The reply must contain all of the records, unchanged.

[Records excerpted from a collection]
============================================================

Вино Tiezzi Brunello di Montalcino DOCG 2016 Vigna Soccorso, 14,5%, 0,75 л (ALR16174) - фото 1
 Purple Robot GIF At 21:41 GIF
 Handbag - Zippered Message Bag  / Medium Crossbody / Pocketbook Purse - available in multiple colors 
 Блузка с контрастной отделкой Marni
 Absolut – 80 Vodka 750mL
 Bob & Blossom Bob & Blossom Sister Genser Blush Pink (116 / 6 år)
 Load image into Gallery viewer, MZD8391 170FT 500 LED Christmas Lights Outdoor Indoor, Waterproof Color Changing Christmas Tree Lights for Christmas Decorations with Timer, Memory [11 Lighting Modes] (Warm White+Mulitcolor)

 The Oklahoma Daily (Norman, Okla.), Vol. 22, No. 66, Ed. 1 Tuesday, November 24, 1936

============================================================

-- Response to the exercise --
Вино Tiezzi Brunello di Montalcino DOCG 2016 Vigna Soccorso, 14,5%, 0,75 л (ALR16174) - фото 1
 Purple Robot GIF At 21:41 GIF
 Handbag - Zippered Message Bag  / Medium Crossbody / Pocketbook Purse - available in multiple colors 
 Блузка с контрастной отделкой Marni
 Absolut – 80 Vodka 750mL
 Bob & Blossom Bob & Blossom Sister Genser Blush Pink (116 / 6 år)
 Load image into Gallery viewer, MZD8391 170FT 500 LED Christmas Lights Outdoor Indoor, Waterproof Color Changing Christmas Tree Lights for Christmas Decorations with Timer, Memory [11 Lighting Modes] (Warm White+Mulitcolor)

 The Oklahoma Daily (Norman, Okla.), Vol. 22, No. 66, Ed. 1 Tuesday, November 24, 1936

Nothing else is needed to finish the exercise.